The Evil Effect of Over-Praise

THE CONTRIBUTORS’ CLUB.

AT the beginning of his career an author — especially if he be a poet, and chances to possess a particularly sensitive set of nerves — is almost certain to exaggerate the importance and influence of adverse criticism. Later on he will probably discover that there are worse things than “ slashing notices,” — namely, “ slashing ” praises. By the exercise of a little observation he will see that the latter can make even a man of merit ridiculous, and that the former, if unjust, can make nobody ridiculous save the reviewer himself. Malignant criticism has never yet succeeded in killing even the slightest piece of genuine creative work. How frequently it has killed the critic!

It has been said that no author — that is, no author of ability — can be written down except by himself. This is true with a qualification. He can be written down and out of sight, temporarily at least, if his enemies have the nerve and the diabolical adroitness outrageously to overpraise him. But this is an office of such subtile cruelty that no one but a friend ever thinks of undertaking it.

Ah, dear critic, if you wish to deliver a staggering blow to some young author who has offended you by what you suspect to be good literature, praise him extravagantly for the qualities which he does n’t possess. Pick out his faults and call them felicities. If he is a verse-maker, compare him with Tennyson and Browning, to the obvious disadvantage of those over-rated persons. If he is a novelist, let it broadly be intimated that beside him Scott and Thackeray and George Eliot were but innocent children in the art of fiction. This will bring down your man. Disparagement can’t do it.

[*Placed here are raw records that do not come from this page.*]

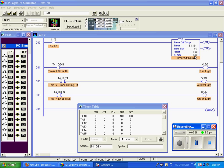We have the same kind of bits: an enable bit, a done bit, and a timer timing bit.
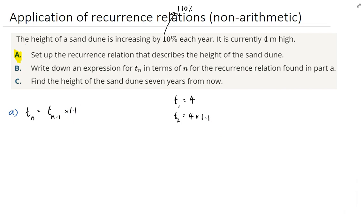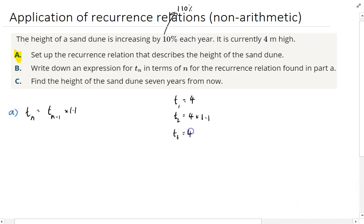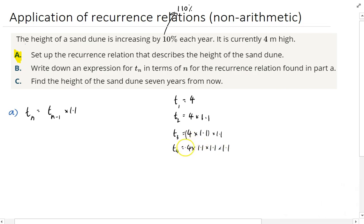That takes it essentially to 110% — the original 100%, which is four metres, and then the additional 10%. So if we want to know what TN is, we can take T(N-1) and multiply it by 1.1. That'll work for the next term as well. Term three is four times 1.1, times 1.1. Term four would be four times 1.1 times 1.1 times 1.1. We can rewrite that neatly: TN = 1.1 × T(N-1). Done.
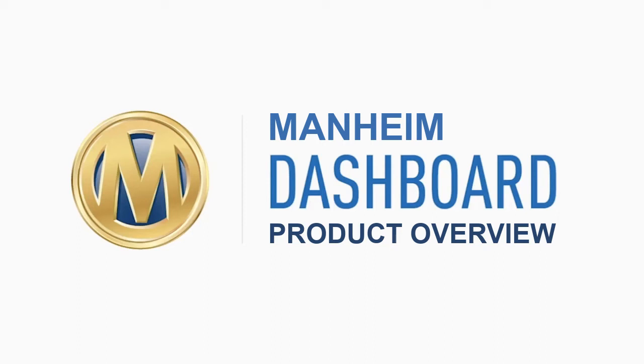Welcome. Mannheim Dashboard was designed to help Mannheim clients navigate the new normal of digital buying.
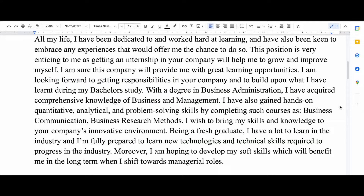What I suggest is to try to relate the subjects you studied in your university with the position you're applying for. Since I was applying for a finance internship, I tried to include all those relevant subjects which I thought would be relevant for this position.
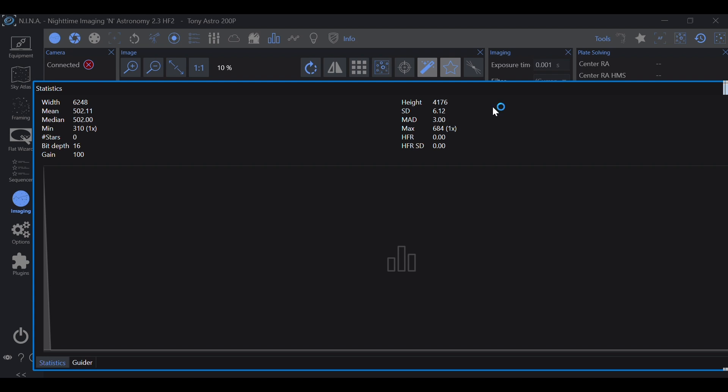And all a histogram is, is a graph that shows you how photons are interacting with your camera sensor. Now, in Nina, under the statistics tab, you'll see this window, and this is your histogram.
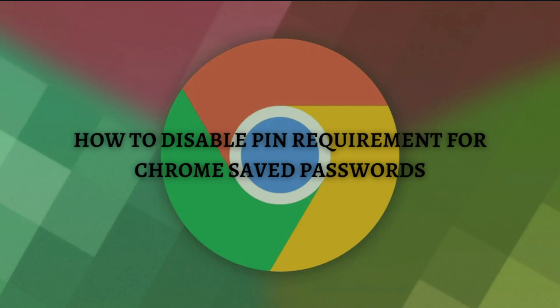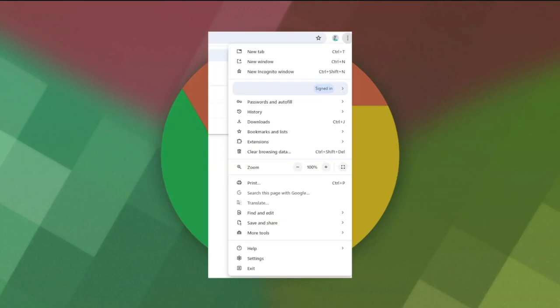To disable the PIN requirement for Chrome saved passwords, first click on the three dots icon on the top right corner of your browser window, which is right here, and then select Settings.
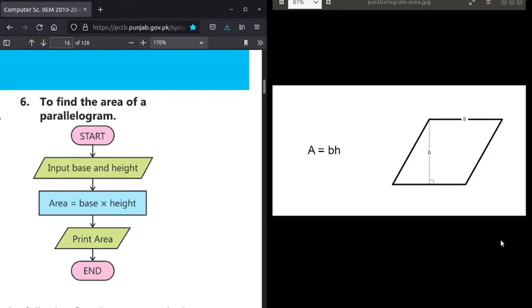Welcome back. In previous videos we have discussed example number 5, in which we created a flowchart to indicate some product and average.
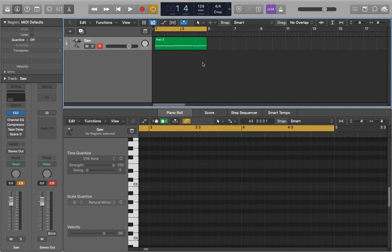Hey guys, it's Joe and in this video I'll be showing you how to make a good basic super saw lead in the ES2 in Logic. This is a really good lead synth to use in any sort of dance track.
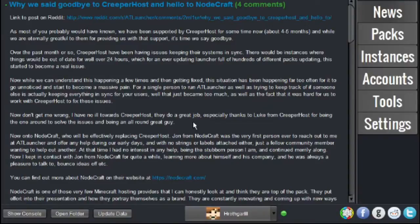Hello there, guys. It's me, Hrothgar, here today. I'm going to be showing you how to edit the AT launcher.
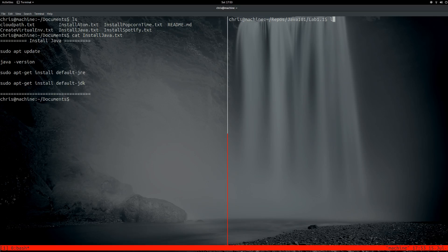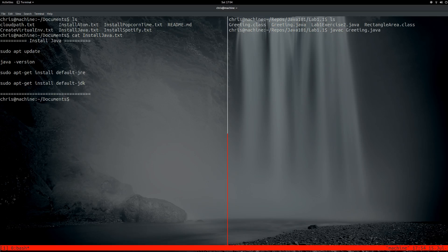So in here, I have a couple Java programs from my lab. And we'll do greeting. All right, that compiled it. You're going to need to compile it before you actually run the program.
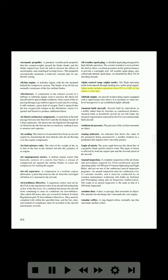Alpha control range (alpha mode): the flight operating mode from takeoff through landing for a turboprop engine. Alpha mode includes operations from 95% to 100% of the engine's rated RPM. Altitude engine: an aircraft reciprocating engine equipped with a supercharger that allows it to maintain its rated sea-level horsepower to an established higher altitude.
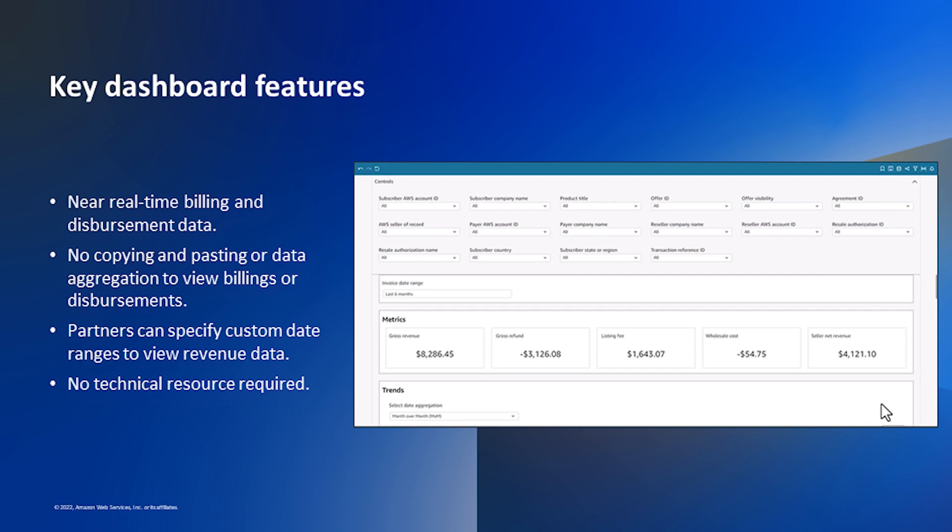Additionally, there is no copying and pasting or aggregating of data to view billings or disbursements. Partners have the ability to specify custom date ranges to view revenue and disbursement data. Finally, no technical resource, such as a business intelligence engineer, is required to take advantage.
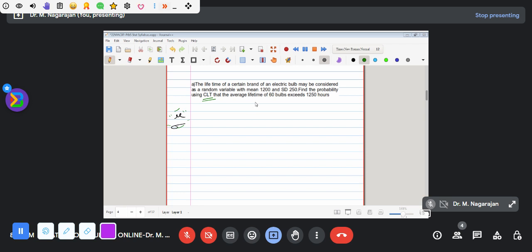What is the n value here? What is the mu value, what is the standard deviation value? That is a very important part. In the central limit theorem, you need to be given the standard deviation value — that is a very important thing.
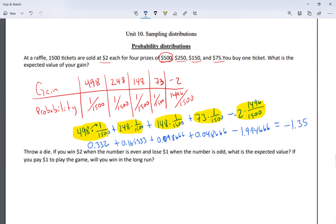Adding everything up: 0.332 + 0.165333 + 0.098666 + 0.048666 − 1.994666 gives me −1.35, rounded to two decimal places since we're dealing with money. This means if we sold 1,500 tickets and averaged everyone out, everybody loses $1.35. That makes sense — if you're running a raffle, you want people to lose so you collect money. The expected value is −$1.35.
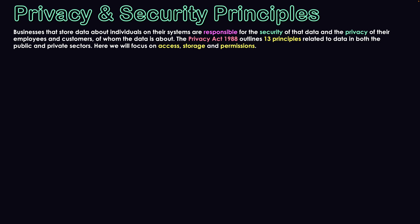We're not going to look into all 13 of these principles, but we are going to look at three elements related to those principles which also transfer into security — those elements of Access, Storage, and Permissions.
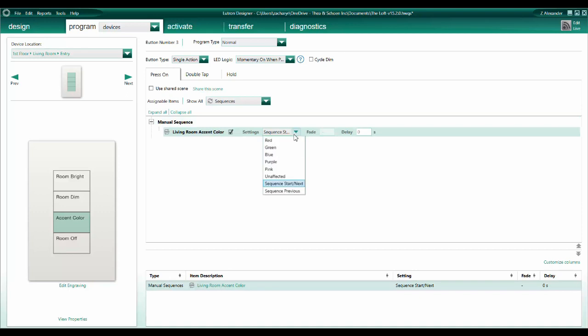Selecting Red or Sequence Step 1 here will not resolve this. Making this selection will set the color to red, but then the sequence will not continue to advance with subsequent button presses.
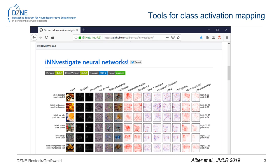Recently, new toolboxes were published for deriving class activation maps, which demonstrated fine-grained information on relevant input image features. We investigated if these approaches can be translated to convolutional neural networks to detect Alzheimer's disease in 3D MRI images.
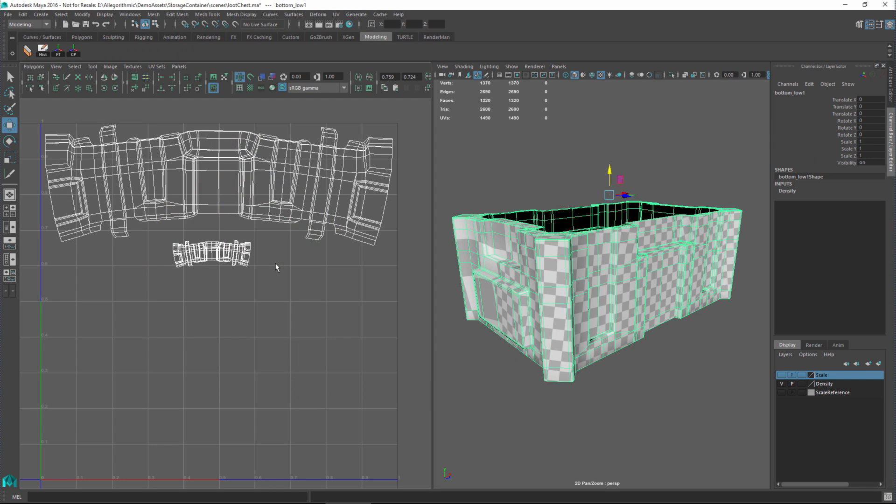In this video, we are going to look at UV mapping and how texel density affects texture resolution. First, I'll discuss texel density and then we'll take a look at a practical example.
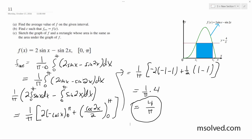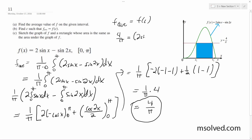Alright, so for c — this is part b — what we need is for f average to equal f of c. We need 4 over pi to equal 2 sine of c minus sine of 2c. And we end up with: 2 sine of c minus sine of 2c is equal to 4 over pi.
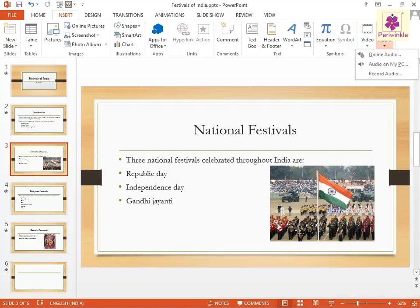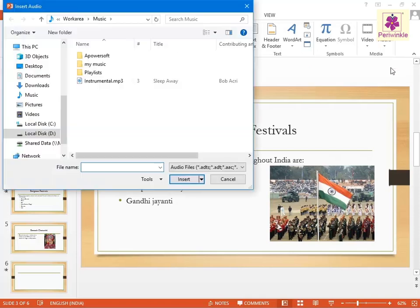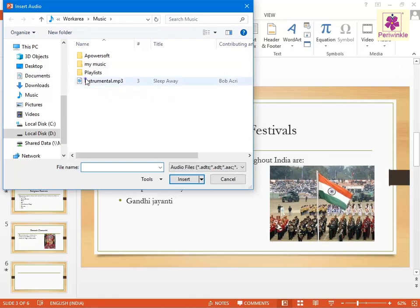A drop-down list appears. Select the Audio on my PC option. The Insert Audio dialog box appears. Now, select the required audio file and click on the Insert button.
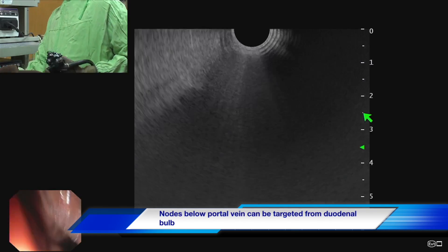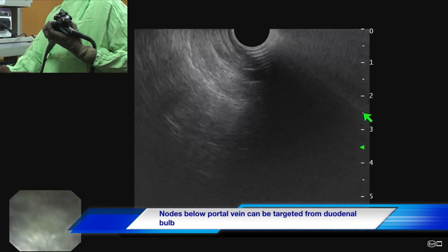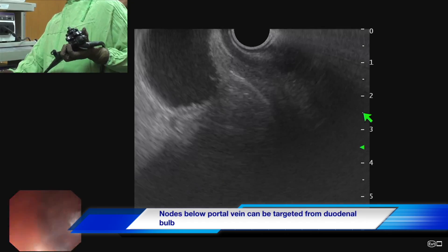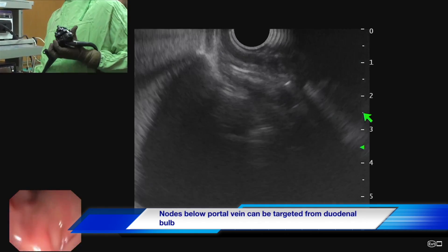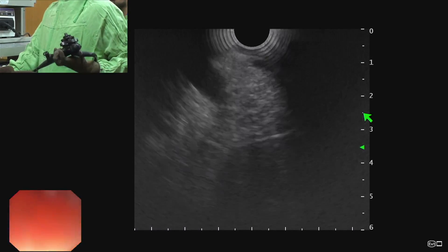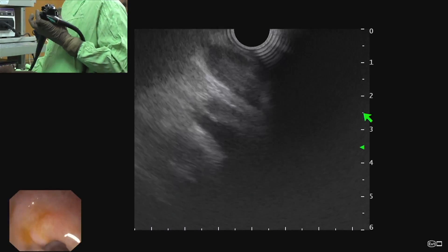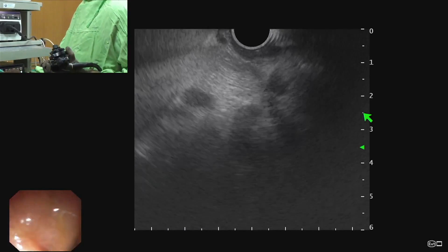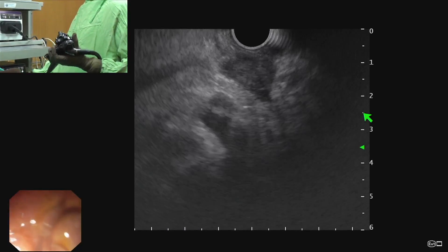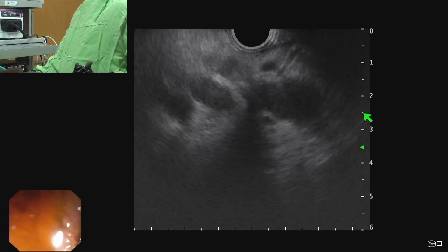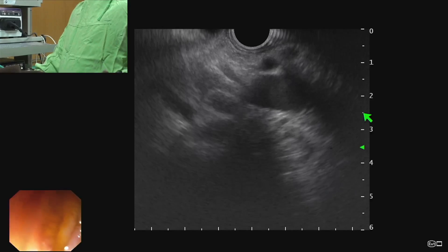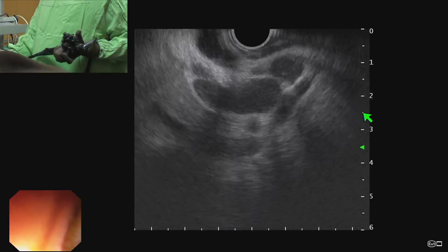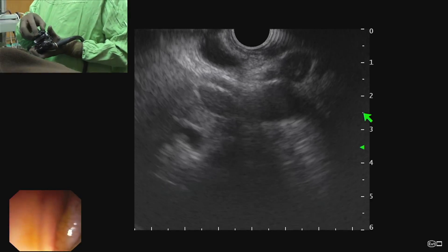In that scenario we have to go either by the transvenous route. The easier option is to go to the first part of the duodenum. Our scope is in long loop, and we wedge our scope at the junction of the first and second part of the duodenum. Then we give an anti-clockwise torque by dropping our left hand.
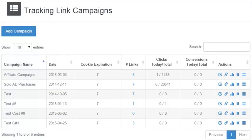This video is going to show you the View, Edit, Tracking Link Campaigns page and all the fields on that page and what you can do.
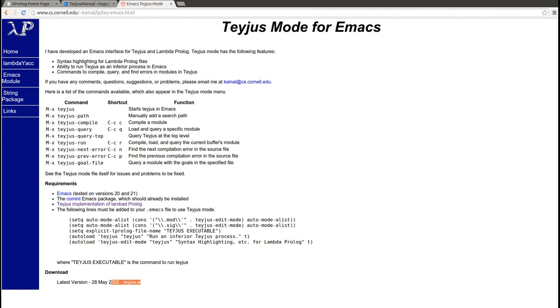So to summarize, once you've installed TEYJUS and chosen a text editor, you're good to go. This was the opening video tutorial of Lambda Prolog and higher-order logic programming. Thanks for watching.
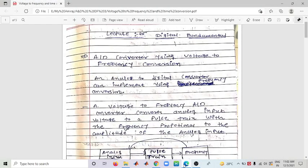Hello, good morning to all of you. Welcome to the Digital Fundamentals and Analog and Digital Electronics lecture number 25. Today, the last two topics remaining in module number four are: Analog to Digital Converter using Voltage to Frequency Conversion, and Voltage to Time Conversion.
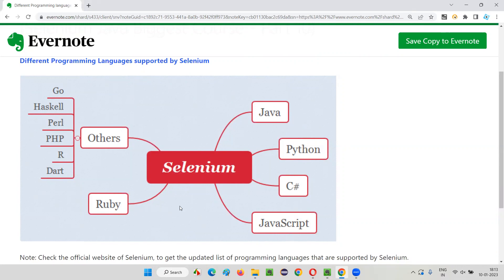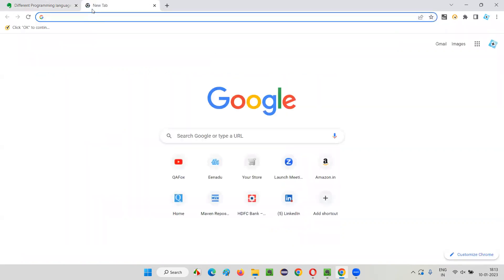Apart from these five programming languages, Selenium also supports other programming languages. To find out the updated list of programming languages supported by the latest version of Selenium, we have to visit the official website of Selenium. So rather than going through these notes, let's go to the official website where we can find the latest updated list.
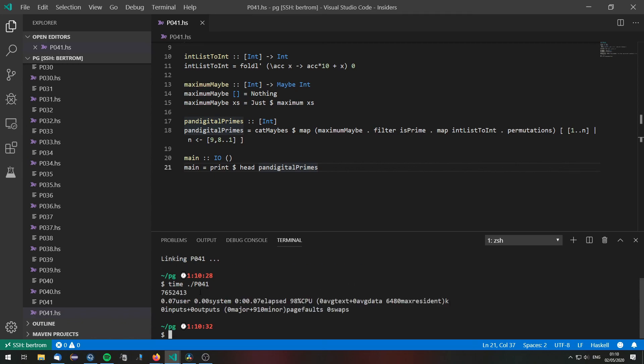And as you see this gives us the correct result in 0.07 seconds.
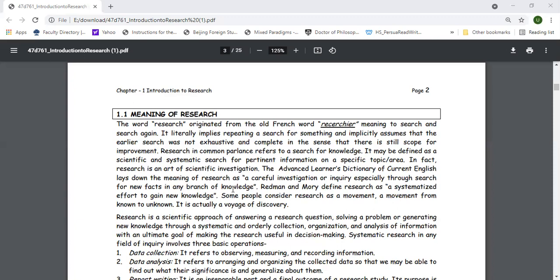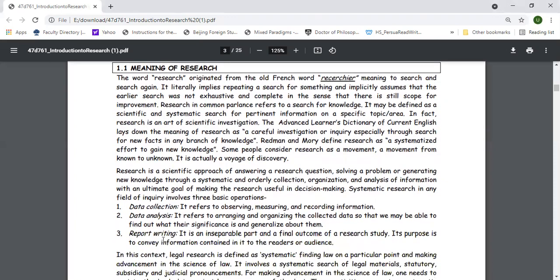Research involves trying to find answers to certain questions. Initially you need to develop research questions, then use systematic methods to answer those questions. These systematic techniques can include data collection, data analysis, and report writing. Data collection refers to observing, measuring, and recording information in the area you are trying to explore.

Unmerited adulation has two baleful effects : one is to render the victim satisfied with himself, — and self-satisfaction is the death of talent and the paralysis of genius, — and the other is to draw down on him the indifference or the contempt of those very readers who were previously ready to accept his work at its honest value. Now, Brown has a neat touch in the lyrical way ; Jones has printed two or three pleasant prose sketches in the magazines ; Robinson may possibly write an interesting novel — if he lives long enough. You feel kindly towards these three young gentlemen ; their spurs are yet to be won, and, so far as you are concerned, you wish them success in the winning. But when you read in the columns of The Daily Discoverer that Milton might have been proud to write Brown’s last triolet (it was a charming little triolet; you could n’t have told it from one of Dobson’s), or that Hawthorne’s mantle has fallen upon the shoulders of Jones (without hurting him any), or that Robinson’s new novel is superior to Thackeray’s Henry Esmond, — when, I say, you light on these dazzling literary verdicts, you are apt, if you have a spark of kindliness left in you, to feel sorry for Brown, Jones, and Robinson. They have been put in an absurd attitude. If they are the modest, sensible fellows you suppose them to be, it will take them years to recover their self-respect. If they have complacently swallowed all this treacle, they are dead men. In any case, they have received such a set-back in general estimation as no amount of savage abuse could have procured for them. Savage abuse would have been forgotten in forty-eight hours ; but this dismal panegyric is a thing that has got to be lived down, —to be obliterated, if possible, by higher achievements than anybody has ever expected at the hands of these unfortunates. Henceforth they may well add to their regulation prayers : “ Save us from our friends, and from all undue praise, good Lord, deliver us! ”

From my point of view it was no kind thing Mr. Howells did awhile ago for Tolstoï. I wonder how many warm admirers of the eminent Russian turned cold on being informed that he is " incomparably the greatest writer of fiction who ever lived.” Incomparably ? — shade of misguided Shakespeare ! I venture to doubt if there are two English-speaking men on the earth’s surface who subscribe to that dictum. Tolstoï is a great writer, but he has yet to produce a work of such transcendent grandeur as to make it improper for the masterpieces of other languages to be compared with it. One has one’s own taste in these matters, and, though individual opinion is much like those advertised lost things which are described as “ of no value to anybody but the owner,” one prefers to hold on to it.

Personally, the apotheosis of Tolstoï will strike me as premature until he has given the world finer fiction than we find, for instance, in The Heart of Mid Lothian, or The Newcomes, or Adam Bede, or The Cloister and the Hearth. Yes, I admit it, dear Mr. Howells, I admit it unblushingly, I do believe in Puss-in-Boots and Jack the Giant-Killer.